B) All fuel in the US by law has to contain a oxygenated additive. Originally that was ether ethanol or MBTE. MBTE was such nasty stuff it was banned some years later. When first introduced, several retailers had a notice on the pumps that the fuel "would" cause leaks and possible fires in older vehicles . The feds quickly moved to ban the notices on the pump.

C) I have not been able to find out what the oxygenated additive is in ethanol free fuel. I worry that the replacement could be worse than ethanol like MBTE was. The refinery on the Houston ship channel that made MBTE had so many leaks of the stuff caused by it destroying gaskets in the piping that Deer Park reeked of MBTE.

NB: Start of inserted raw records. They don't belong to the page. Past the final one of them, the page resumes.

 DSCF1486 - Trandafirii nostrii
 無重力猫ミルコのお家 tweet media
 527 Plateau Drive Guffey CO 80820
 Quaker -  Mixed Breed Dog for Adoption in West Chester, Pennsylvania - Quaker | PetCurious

D) Octane ratings in the US are calculated by a formula devised in the early 70's when unleaded was introduced to disguise how crappy the new fuel was. From what I've read the US premium 93 octane fuel is similar to EU premium. Wikipedia has a good page about gasoline around the world.

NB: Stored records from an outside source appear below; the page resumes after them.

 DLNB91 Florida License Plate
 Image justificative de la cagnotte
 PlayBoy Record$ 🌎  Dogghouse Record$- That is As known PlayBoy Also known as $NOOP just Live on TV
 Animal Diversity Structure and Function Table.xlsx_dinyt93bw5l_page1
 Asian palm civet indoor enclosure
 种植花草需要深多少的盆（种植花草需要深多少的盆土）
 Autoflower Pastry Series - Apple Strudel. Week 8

I can tell you from experience that the 650 likes 100ll blue aircraft fuel. That's what I ran in my race bikes. The R5 especially liked it. Not sure how the aircraft octane rating compares to how it is calculated for road vehicles. I know it is higher than the old premium. My plane has a STC to use premium pump fuel to replace 80 octane red aircraft fuel so I have to assume that 93 octane pump fuel is at least as high as 80 octane aviation fuel so the 100ll blue gas should exceed the best road fuels. The 650 was designed for leaded fuel and running a tank of leaded fuel might help to minimize valve seat wear.